■ **The problem**: Copy each line of the listing below exactly and drop the images.

::: Supplied material

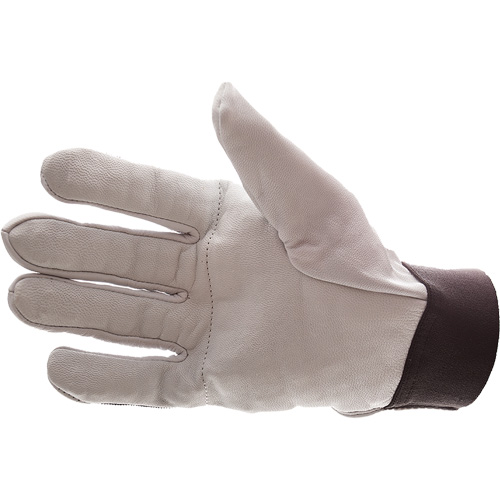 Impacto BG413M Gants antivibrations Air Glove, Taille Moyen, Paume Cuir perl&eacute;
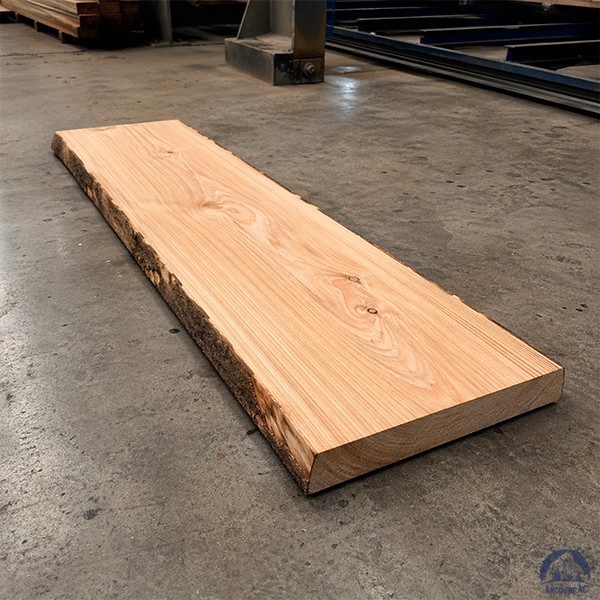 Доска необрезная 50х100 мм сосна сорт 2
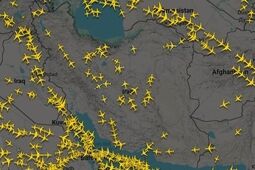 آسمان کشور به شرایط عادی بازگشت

::::::

■ **Task response**:
 Impacto BG413M Gants antivibrations Air Glove, Taille Moyen, Paume Cuir perl&eacute;
 Доска необрезная 50х100 мм сосна сорт 2
 آسمان کشور به شرایط عادی بازگشت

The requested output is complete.